Not the quiet tears on cheeks that I have spoke of in the past. Oh no. Not this time. It started out that way and then I realized; the baby is in bed and fast asleep; the dogs are resting; the cats are not around… I’m here… in my kitchen… alone… Fuck it.
The first sob; it felt like a release of sorts; like the cork popping out of a bottle… Then the second sob built right on the tail of the first… and that one felt and sounded hollow… it echoed around in my head… my heart… my stomach…
My elbows hit the counter. When I realized I couldn’t support myself standing even leaning on the counter, I slid down the cupboards until I was sitting on the floor; elbows on my knees, face in my hands, sobbing.
It was the worst feeling. Every sob made every word that the baby had innocently said bounce around in the utter loneliness that I feel every day.
And it all started with a ‘simple’ bath time conversation.
Me and Wee; we talk about some pretty deep stuff every day; what she did at school, how she feels, what she thinks… If it was a weekend away, what she did, if there is anything I need to help her fix to make her time away better, how her time away made her feel. And then, usually once all of that is out of the way, she pulls out the big guns.
Now I’m not saying the previously mentioned stuff isn’t big for a three year old; because it is… What did you do, how did that make you feel, what could be done to make it better… that’s all big stuff.
But when this girl pulls out the big guns; watch out; duck and run friends… Cause it can get deep, FAST!
Mommy, member when daddy was mean to you.
Yeah babe. I remember.
Member when you fell in the gopher hole last year when we went for eggs.
Yeah babe, I remember.
Mommy, I want to fix that hole so you don’t fall in it again.

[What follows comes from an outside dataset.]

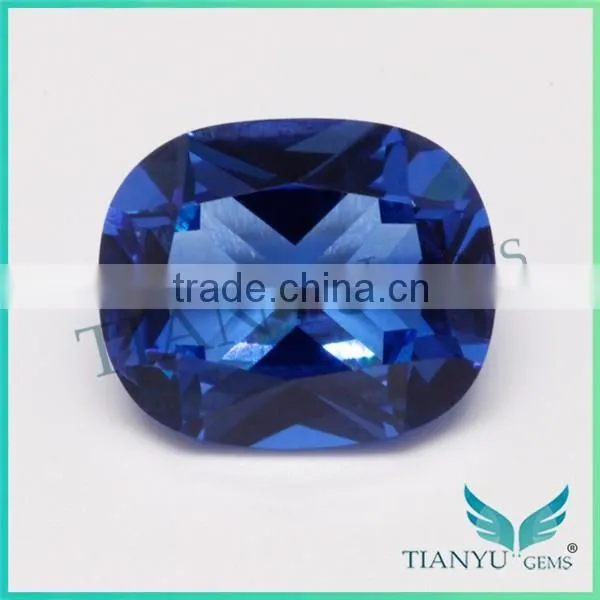 112# cushion burman blue spinel gemstone synthetic diamond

I want to ask daddy; but daddy won’t help me; daddy is mean to you. Can I ask Uncle Rob?
Sure you can baby.
But we don’t see Uncle Rob much; is he mean too? Doesn’t he like you?
Oh hun; that’s mommy’s fault. We’ll see him more when we move in with Pat and Em.
Oh. Well what about Auntie Dodie. Doesn’t she like you? We never see her either.
You can ALL see where this is going. She is equating lack of contact with people not liking me/us.
And she’s not pulling names out of her ass…. These are all names of people that she’s met, that we used to be able to see a lot, that for one reason or another, we have just become distanced from. Yes, some of it is MY DOING… Some of it is… and I will take the blame for every ounce of that… But some of it is not.
Half a dozen names later, I try explaining to her that people change and grow… that people get busy… that priorities change in people’s lives…. that things rarely ever stay the same… I tried to explain that sometimes even good people get left behind; not because they’re any less good but just because lives change that much.
I don’t think she got it; I don’t think I got the idea through to her.
It’s okay that you’re lonely mommy; you’ll always have me and Stewie and Darwin.
Fast forward to bed time, snuggle time.
I love you mommy.
I know baby. I love you too.
Daddy loves me too mommy.
Yes baby I know.
I love my daddy.
I know baby, that’s good.
I love him better cause he got me……
Start singing a song in my head to drown out all of the reasons she loves him better. I don’t need that particular knife in my heart tonight.
Okay baby. Sleep time.
Okay mommy. Night.
Sweet dreams baby.
Sweet dreams mommy.
Fast forward to the kitchen. Sobbing.
FUCK… even my toddler knows I’m lonely… That I’m essentially alone… And thinks it’s happening because everyone hates me… Fuck.
That’s all I’ve got right now.
That, and the ocean of tears that won’t stop falling…..
At least the sobbing has stopped. Crying silently is less lonely than sobbing.